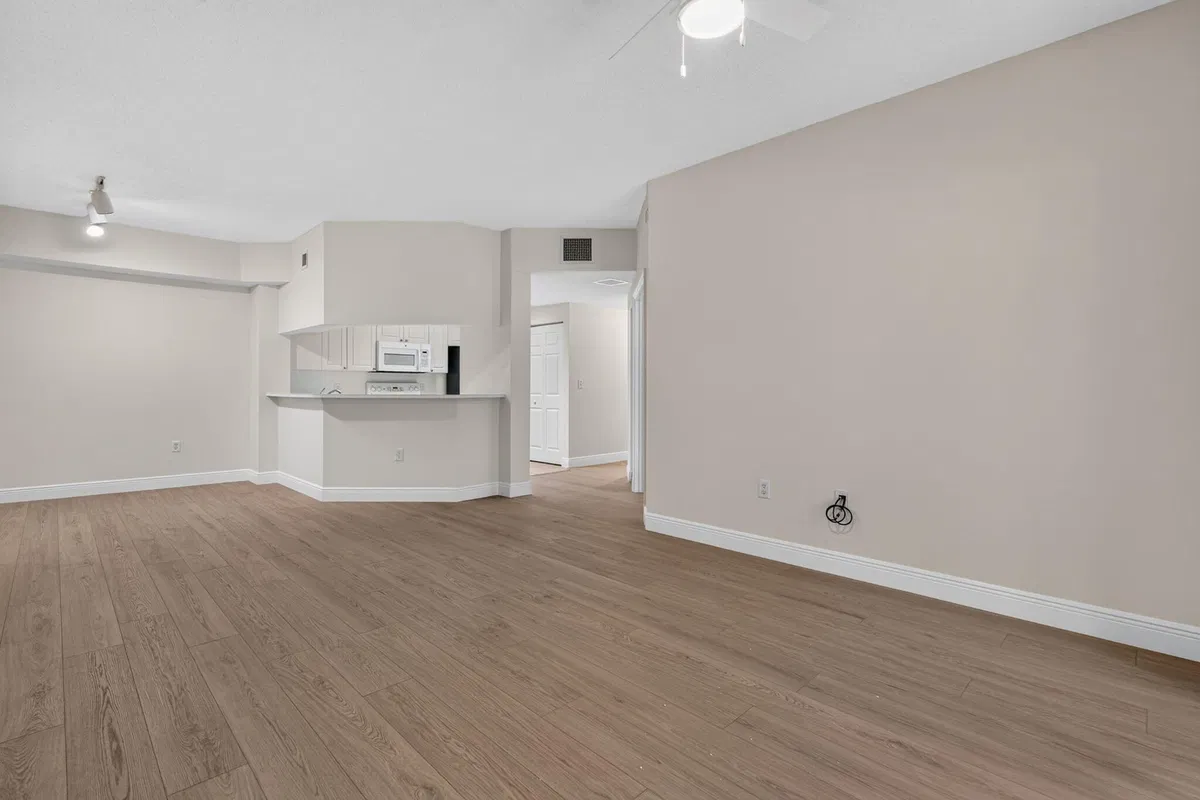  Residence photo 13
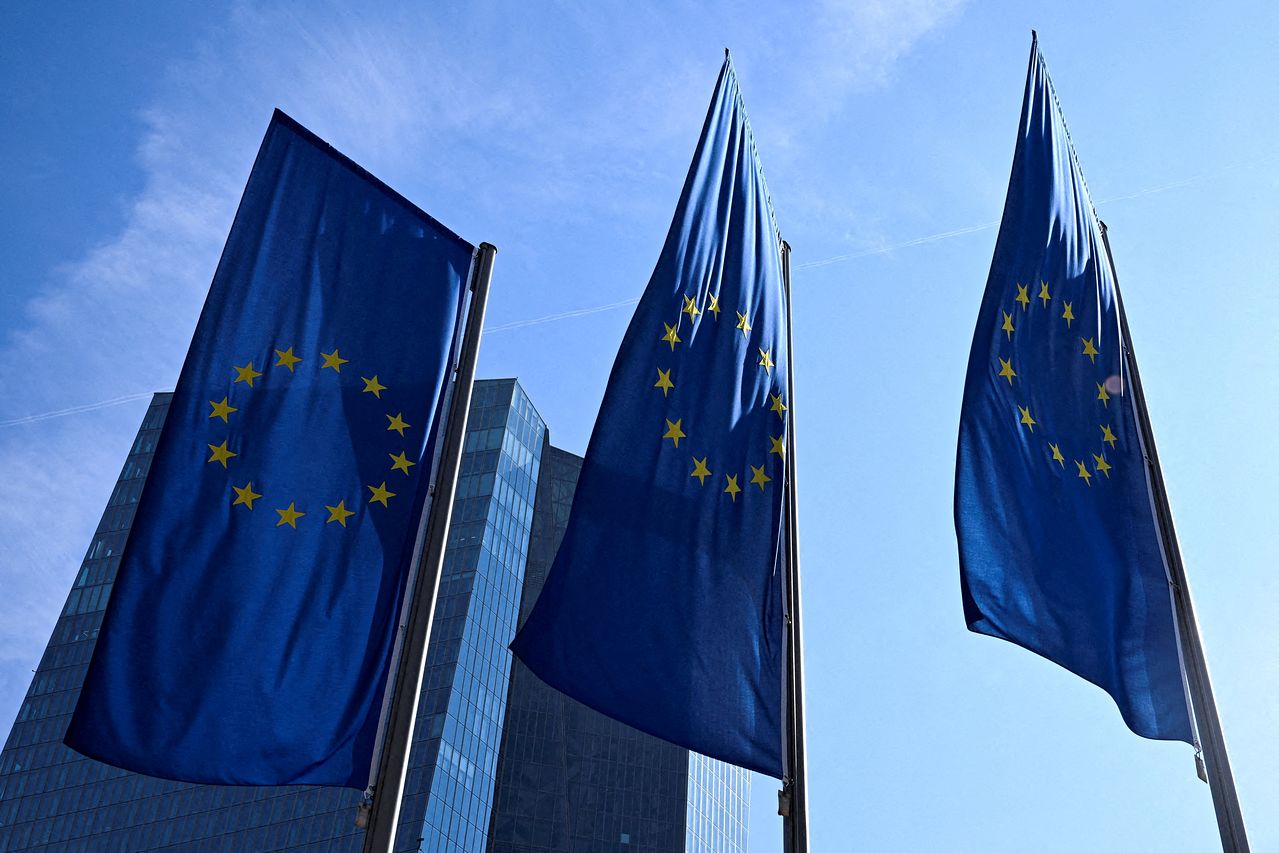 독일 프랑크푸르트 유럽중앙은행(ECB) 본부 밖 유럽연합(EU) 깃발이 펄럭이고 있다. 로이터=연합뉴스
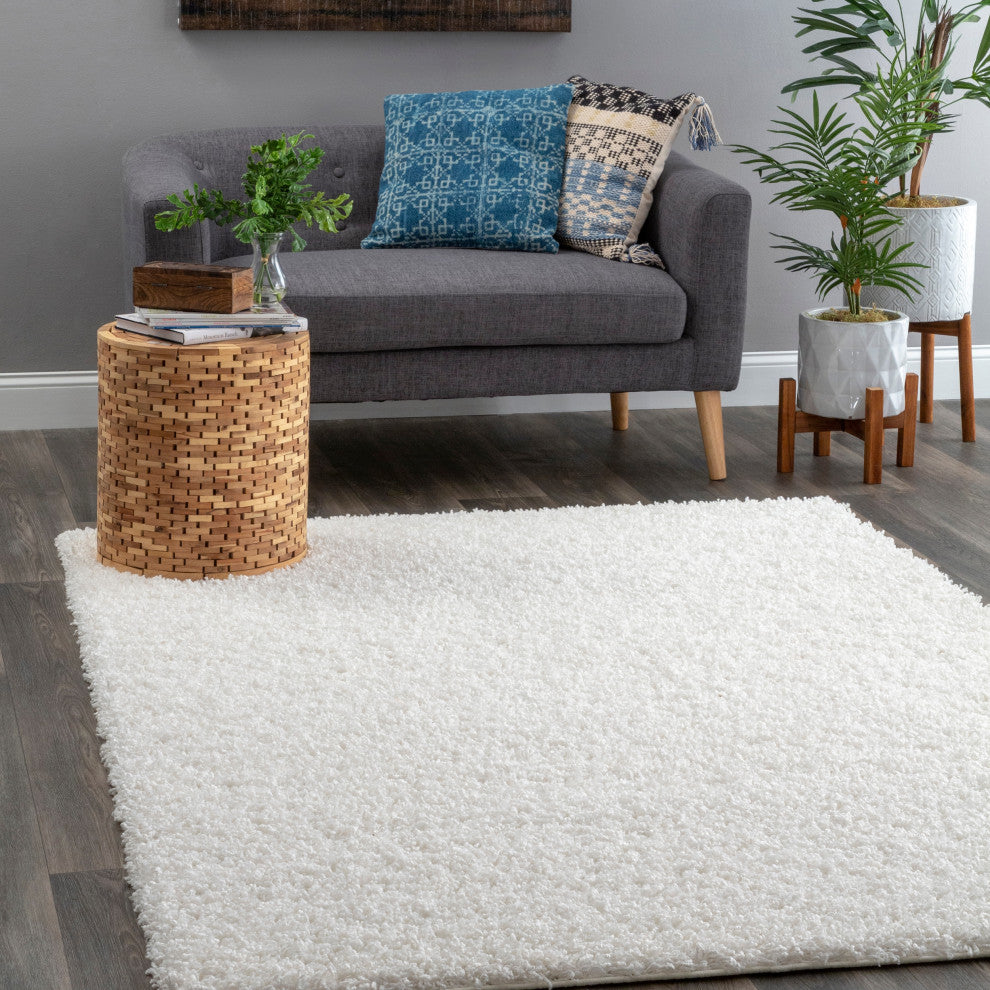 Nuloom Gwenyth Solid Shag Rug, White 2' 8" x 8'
==
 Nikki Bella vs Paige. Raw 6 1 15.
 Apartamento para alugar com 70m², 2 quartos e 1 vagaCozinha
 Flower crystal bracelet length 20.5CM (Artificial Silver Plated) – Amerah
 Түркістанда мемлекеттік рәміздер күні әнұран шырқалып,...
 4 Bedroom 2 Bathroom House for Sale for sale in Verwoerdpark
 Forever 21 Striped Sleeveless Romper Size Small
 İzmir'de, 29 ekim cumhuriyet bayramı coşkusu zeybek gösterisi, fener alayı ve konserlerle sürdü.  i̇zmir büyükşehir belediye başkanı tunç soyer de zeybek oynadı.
--
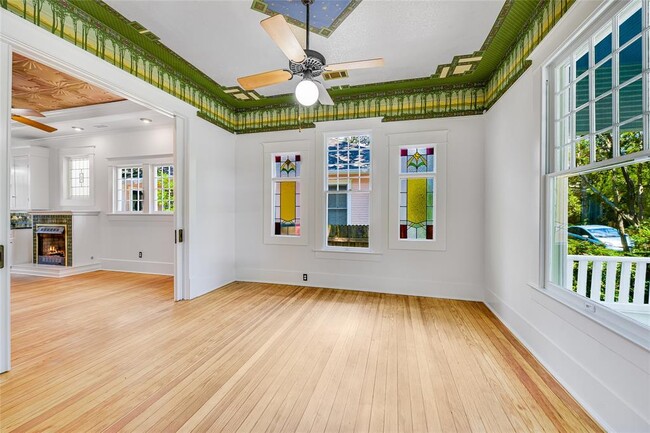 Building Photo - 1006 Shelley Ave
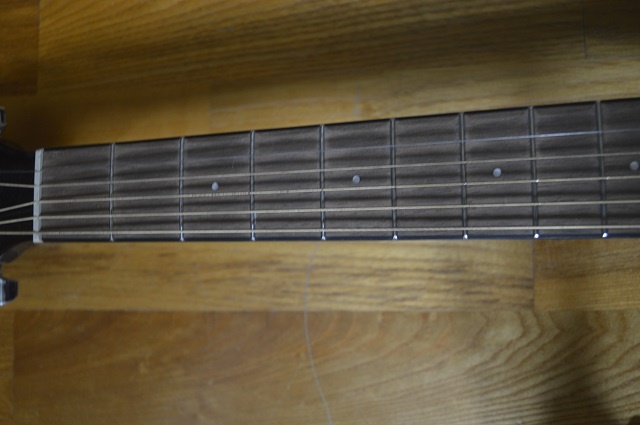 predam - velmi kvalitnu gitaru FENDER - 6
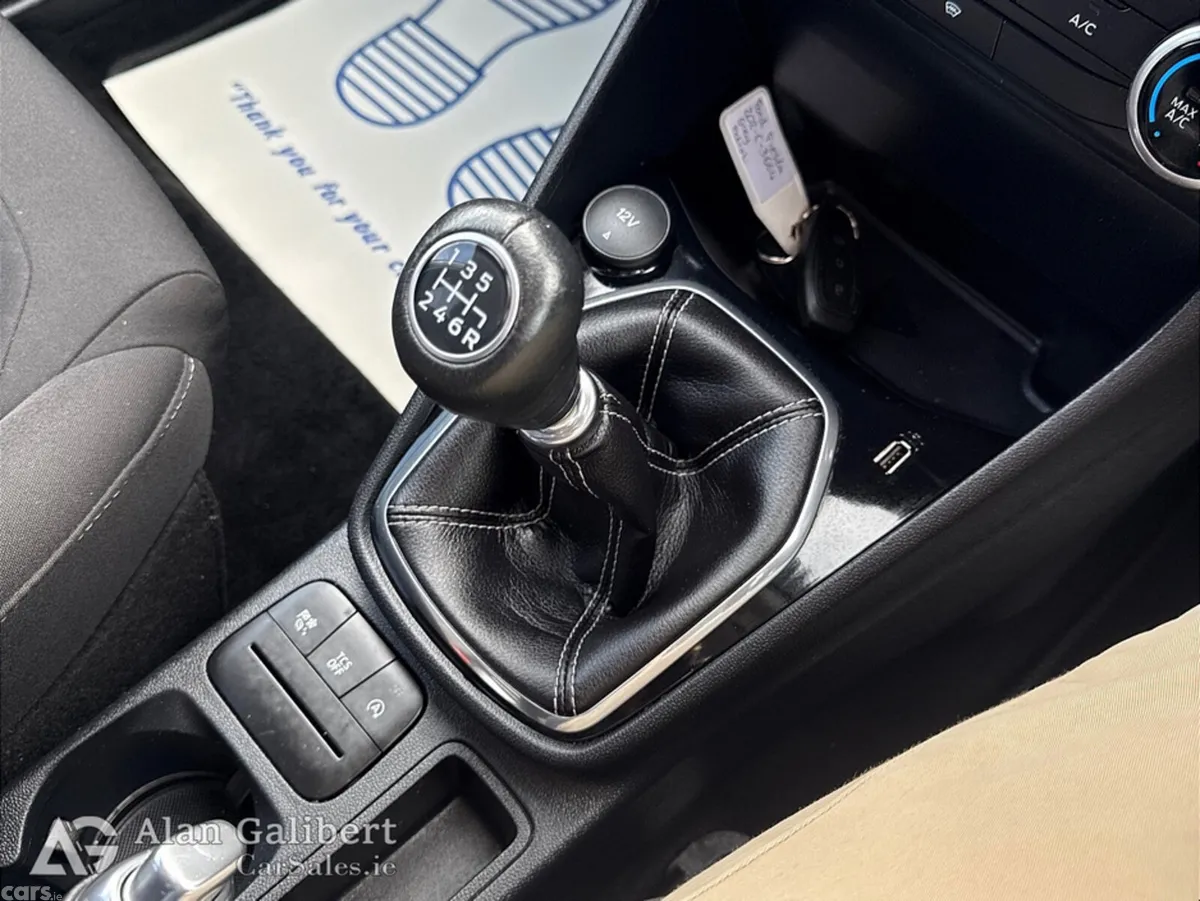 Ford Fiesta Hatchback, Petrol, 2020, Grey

### WHAT YOU SHOULD DO
Look above for the line holding "Apartamento para alugar". Print it and every line after it, exactly, through the line holding "Forever 21 Striped".

### TASK OUTPUT
 Apartamento para alugar com 70m², 2 quartos e 1 vagaCozinha
 Flower crystal bracelet length 20.5CM (Artificial Silver Plated) – Amerah
 Түркістанда мемлекеттік рәміздер күні әнұран шырқалып,...
 4 Bedroom 2 Bathroom House for Sale for sale in Verwoerdpark
 Forever 21 Striped Sleeveless Romper Size Small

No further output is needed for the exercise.